Es mutet gespenstisch an, wie sich der kollektive Kniefall der Volkspartei vor Sebastian Kurz von einst in dem Familientreffen wiederholte, zudem sich dieselben Funktionäre nun katzbuckelnd um den Leinwandstar scharen. Der Statist Nehammer sparte sich die Vorstellung und kam erst danach zur Party, vielleicht, um sich einen Rest von Würde zu bewahren. Das kann nicht ganz einfach sein, wenn die Fragen, ob Kurz ein Comeback plane, nicht enden wollen und dahingehend beantwortet werden, dass ihm ein solches "im Moment" nicht abgehe. Da schwingt Verachtung für den Nachfolger im Kanzleramt mit.

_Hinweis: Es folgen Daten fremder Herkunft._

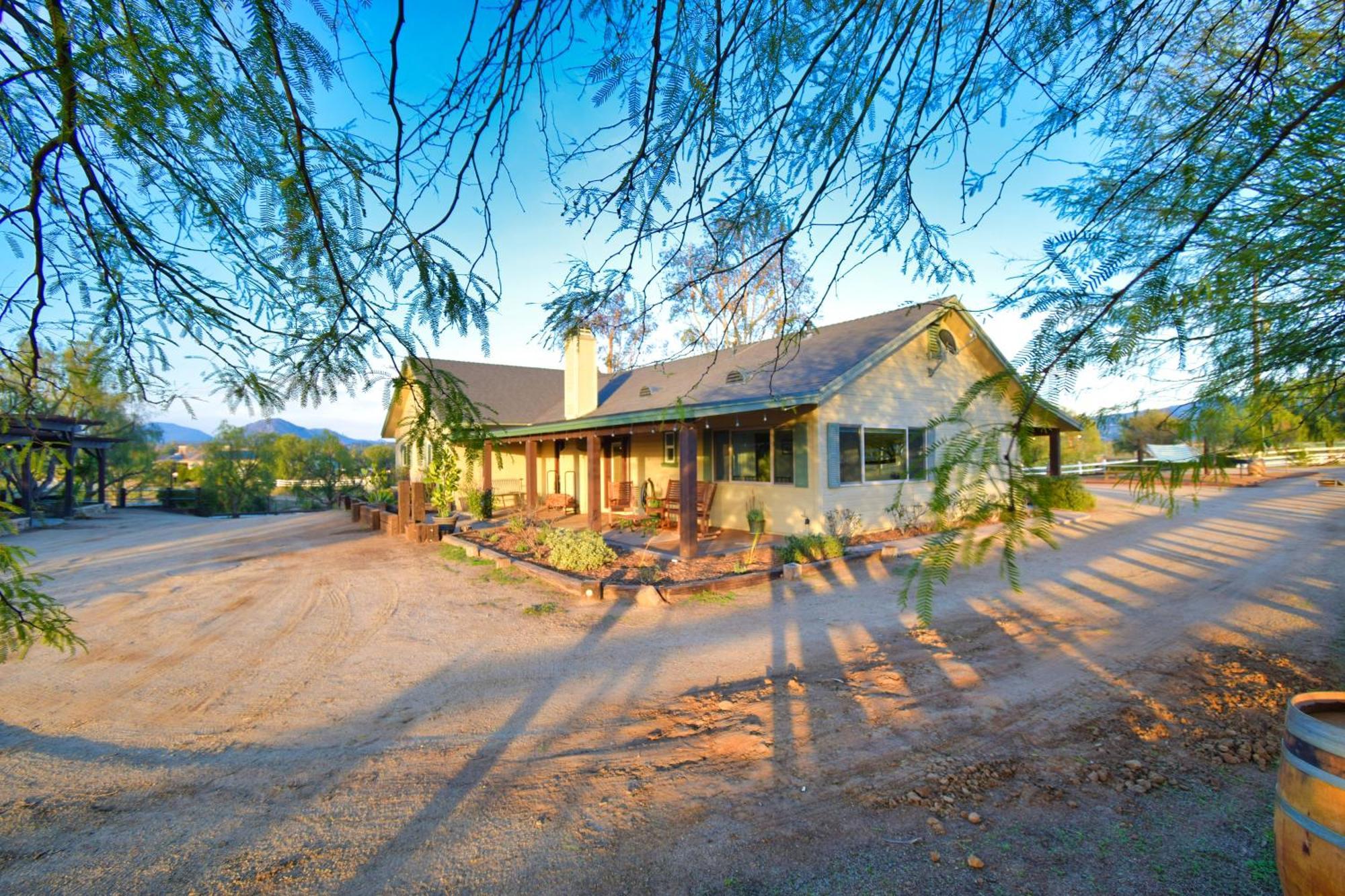 Готель Peppertree Lane Ranch -- Seven-Acre Ranch In The Heart Of Wine Country Темекула Екстер'єр фото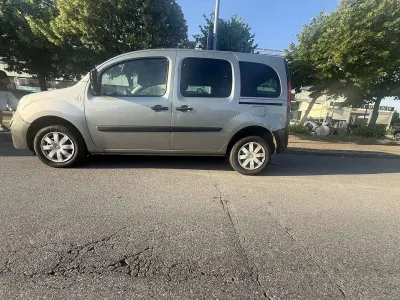 Usata Renault Kangoo 80 CV (58 kW) 2011 Monovolume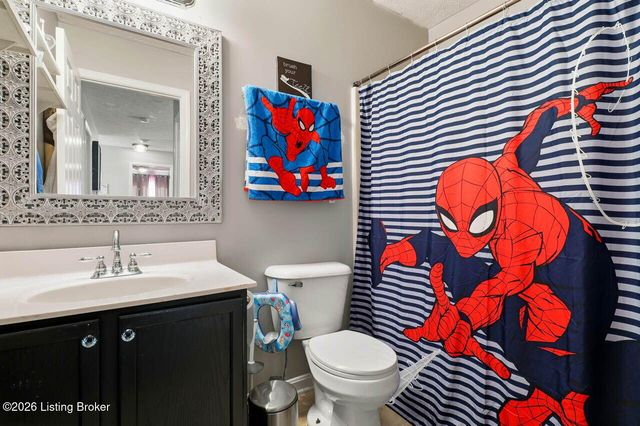 5217 Sand Lake Dr, Louisville, KY 40272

Man muss Nehammer nicht bedauern. Er hat es als Parteiobmann versäumt, die ÖVP aus der Kollektivschuld namens Kurz zu erlösen. Als einer, der bei dessen Installierung dabei war, hätte er dafür über seinen eigenen Schatten springen müssen, aber damit immerhin ein Beispiel dafür gegeben, dass man aus Fehlern lernen kann. Statt einen Schlussstrich zu ziehen und neu zu beginnen, führte und führt er dessen Kurs halbherzig fort, wofür seine Haltung den Freiheitlichen gegenüber ein typisches Beispiel ist.

Delphisches Orakel

Herbert Kickl für ein außen- und innenpolitisches Sicherheitsrisiko zu halten ist richtig, aber nicht originell, das tun die anderen Parteien auch. Schon Kurz ist gescheitert, als er Kickl als Innenminister loswerden, die Koalition mit den Freiheitlichen aber fortsetzen wollte. Derselben Fehleinschätzung nun wieder zu erliegen zeugt von geringer Lernfähigkeit. Und das erst recht, sollte man aus den Wahlen als schwächerer Partner hervorgehen, womit zu rechnen ist, wie die Dinge derzeit stehen.

Nehammers Satz, es werde mit ihm als Kanzler keine Regierung mit Kickl als Minister geben, hat die Zweideutigkeit eines delphischen Orakels. Dass die Freiheitlichen ihren Volkskanzler fallen lassen, um Nehammer die Kanzlerschaft zu erhalten, ist jedenfalls weit weniger wahrscheinlich, als dass die ÖVP nach einer verlorenen Wahl Nehammer fallen lässt, um eine Koalition mit Kickl zu bilden. Ob dann der besagte Moment eintritt, in dem sich der international vernetzte Geschäftsmann Kurz zu einem Comeback auf den Ballhausplatz entschließt, ist ungewiss, aber in der ÖVP fehlt es sicher nicht an Personen, die darauf hoffen.

Diese Hoffnung steht und fällt allerdings mit dem Prozess, in dem Kurz wegen falscher Zeugenaussage angeklagt ist. Er findet im Oktober statt, auch nicht günstig in einem beginnenden Wahlkampf. Ein Freispruch mangels an Beweisen wird außerhalb der Volkspartei niemand als Triumph der Unschuld interpretieren. Wird Kurz für schuldig erkannt, muss Nehammer zwar kein Comeback fürchten, aber der Schaden für die ÖVP ist da. Von der Justiz Enttäuschte können sich dann bei Kurz – der Film trösten. (Günter Traxler, 7.9.2023)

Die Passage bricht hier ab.